"So these are the new rooms," said Molly Wycherly, patronisingly, after O'Hara and Lacy had appeared and everybody had been presented to everybody else. "Strelsa, do look at those early Edwards prints! It's utterly impossible to find any of them now for sale anywhere."
Strelsa Leeds looked up at the Botticelli Madonna and at Madame Royale; and the three men looked at her as though hypnotised.
So this was Reginald Leeds's wife—this distractingly pretty woman—even yet scarcely more than a girl—with her delicate colour and vivid lips and unspoiled eyes—dark eyes—a kind of purplish gray, very purely and exquisitely shaped. But in their grayish-violet depths there was murder. And the assassination of Lacy and O'Hara had already been accomplished.
Her hat, gown, gloves, furs were black—as though the tragic shadow of two years ago still fell across her slender body.

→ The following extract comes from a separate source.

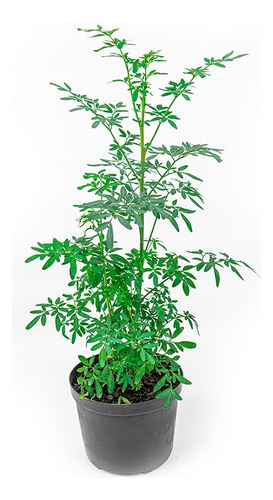 Planta La Ruda Planta Magica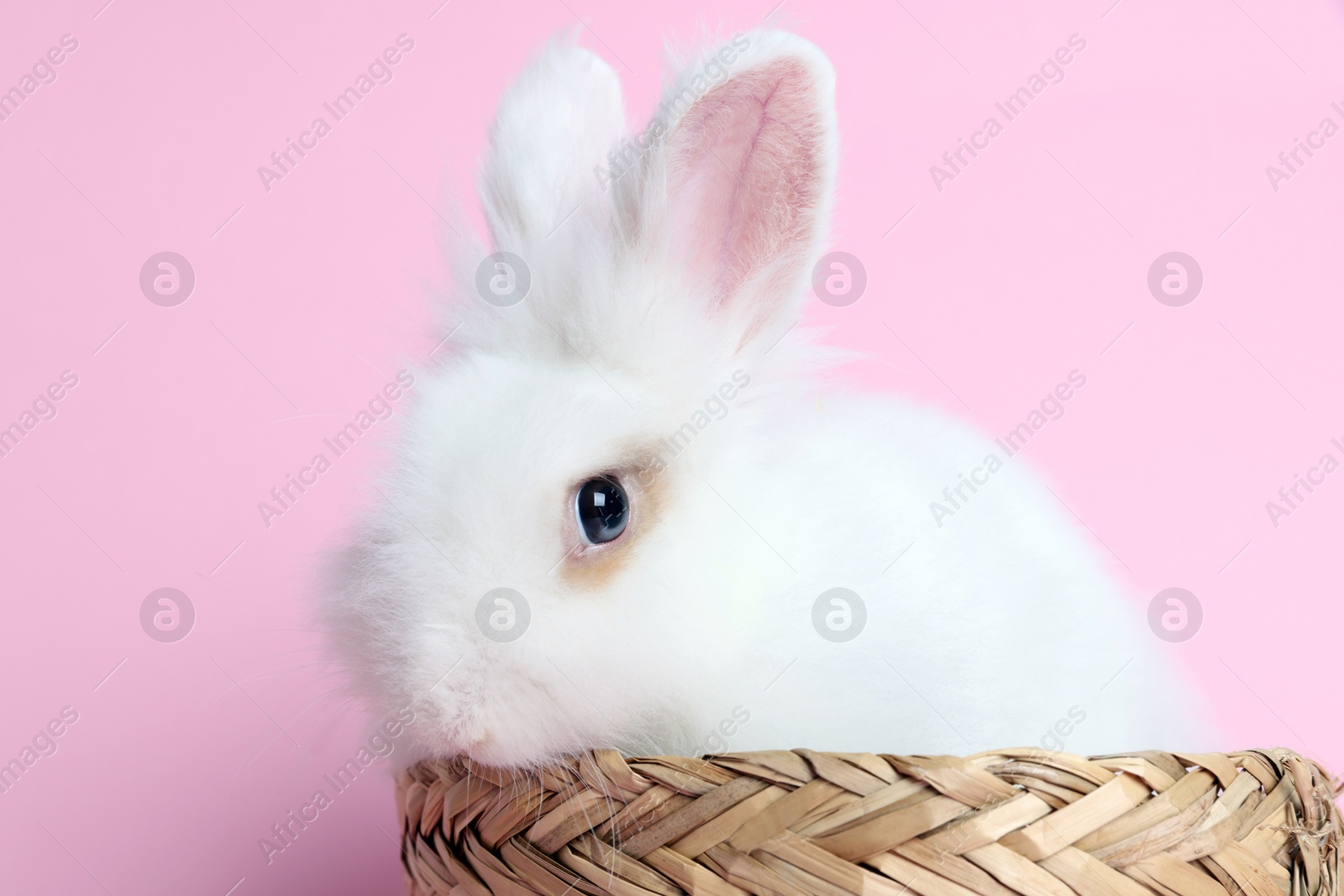 Photo of Fluffy white rabbit in wicker basket on pink background. Cute pet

She looked around at the room; Molly Wycherly, pouring tea, nodded to Westguard, and he handed the cup to Mrs. Leeds.
She said, smilingly: "And—do you three unprotected men live in this big house all by yourselves?"
"There are four of us in the Legation," said Lacy, "and several servants to beat off the suffragettes who become enamoured of us."
"The—legation?" she repeated, amused at the term.
"Our friends call this house the Irish Legation," he explained. "We're all Irish by descent except Westguard who's a Sassenach—and Dick Quarren, who is only half Irish.'
"And who is Dick Quarren?" she asked innocently.